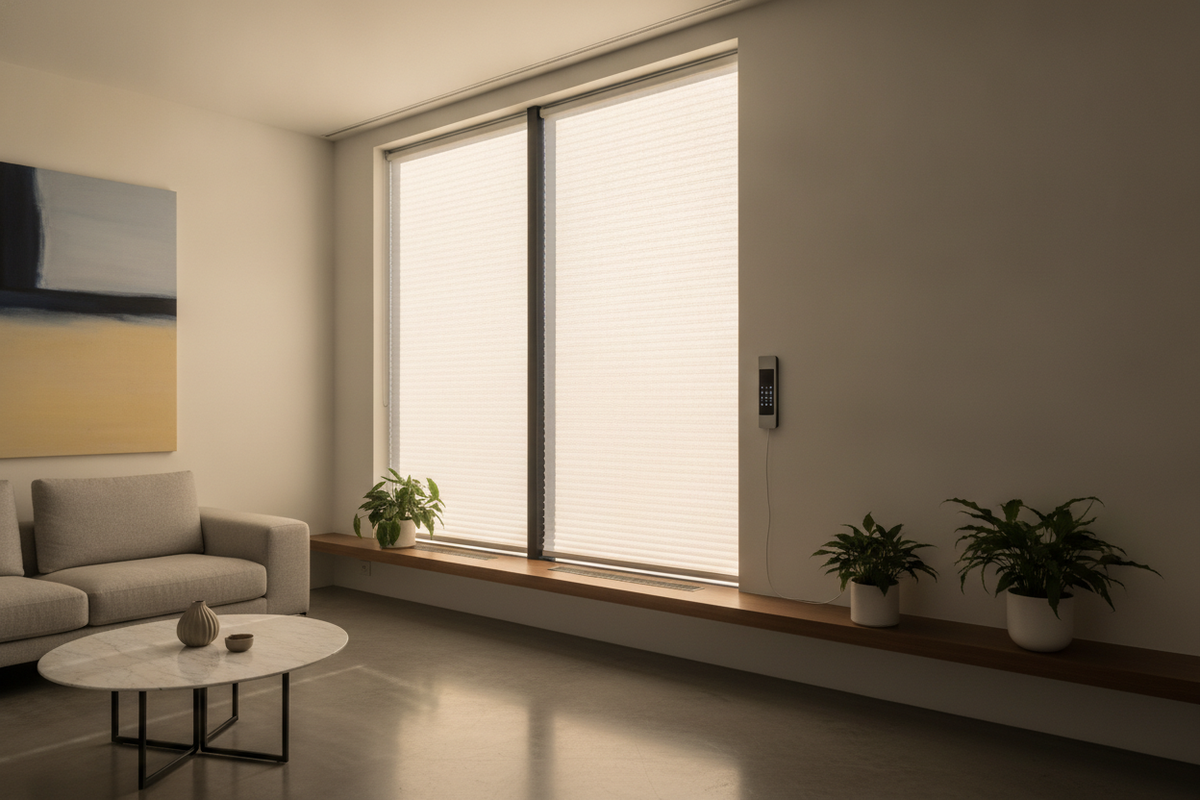 Double Cellular Window Shades: Air-Pocket Architecture, Window Framing, and Smart Motor Automation
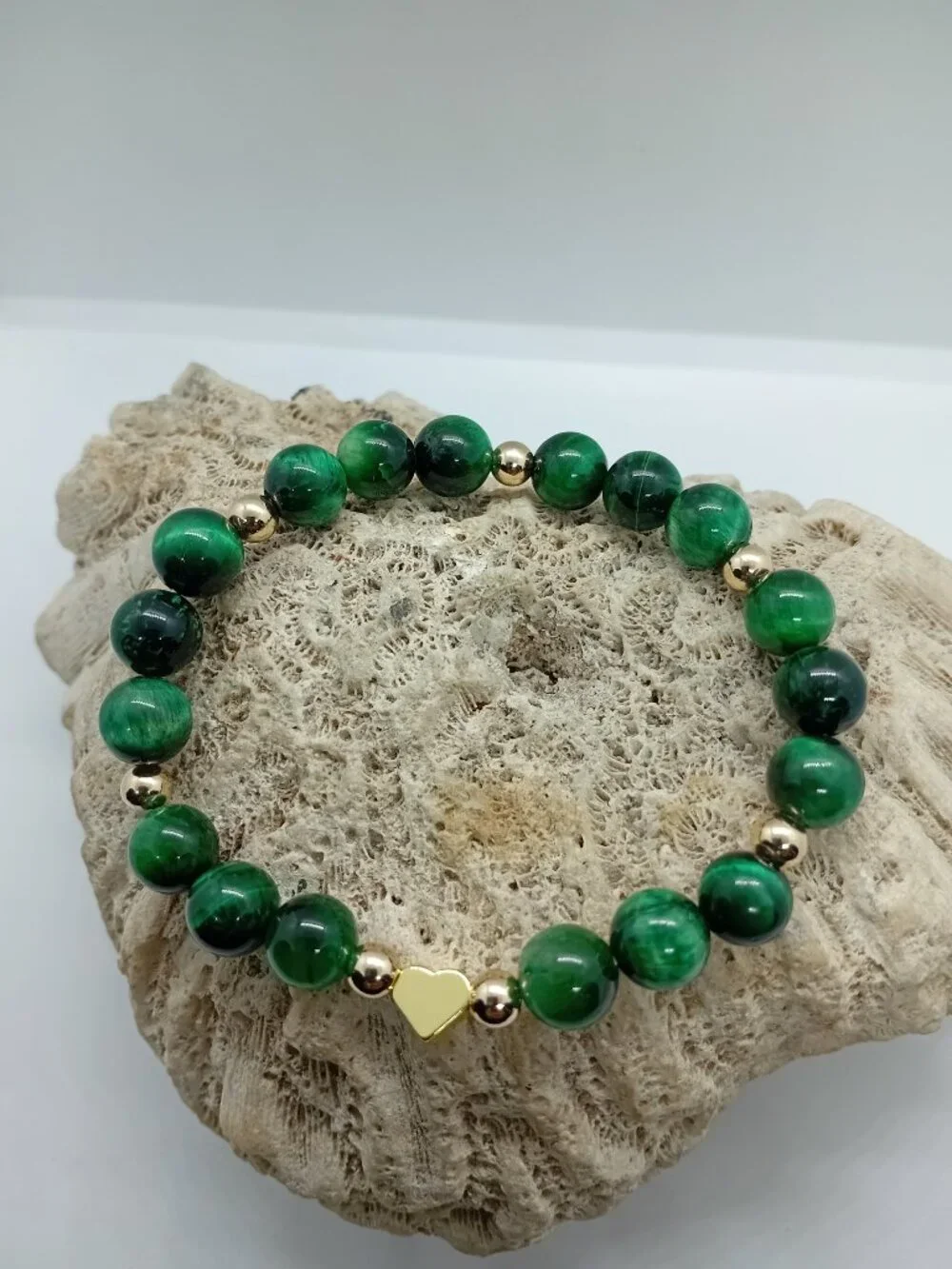 Green Tiger’s Eye & 14K Gold Filled Bracelet Wealth, Growth & Protection Energy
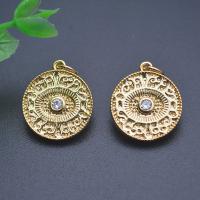 Brass Jewelry Pendants, with Cubic Zirconia, Flat Round, gold color plated, DIY 
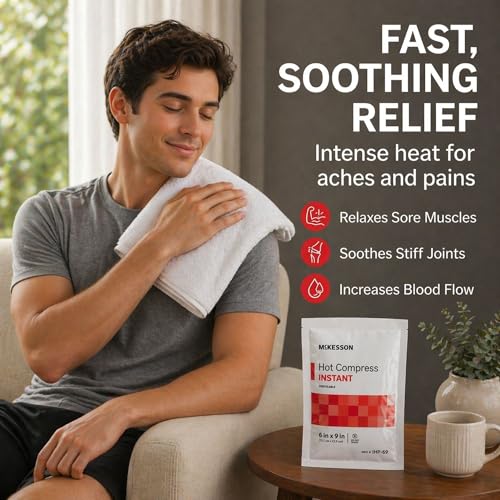 McKesson Instant Hot Packs, Instant Hot Compress, 6 x 9 in | Instant Hot Pack,Sodium Acetate / Water,Disposable,6 X 9 Inch - color: Red, size: 6x9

+-------+

> [Your assignment]:
Once the pictures are set aside, give the listing again word for word.

> [Answer]:
 Double Cellular Window Shades: Air-Pocket Architecture, Window Framing, and Smart Motor Automation
 Green Tiger’s Eye & 14K Gold Filled Bracelet Wealth, Growth & Protection Energy
 Brass Jewelry Pendants, with Cubic Zirconia, Flat Round, gold color plated, DIY 
 McKesson Instant Hot Packs, Instant Hot Compress, 6 x 9 in | Instant Hot Pack,Sodium Acetate / Water,Disposable,6 X 9 Inch - color: Red, size: 6x9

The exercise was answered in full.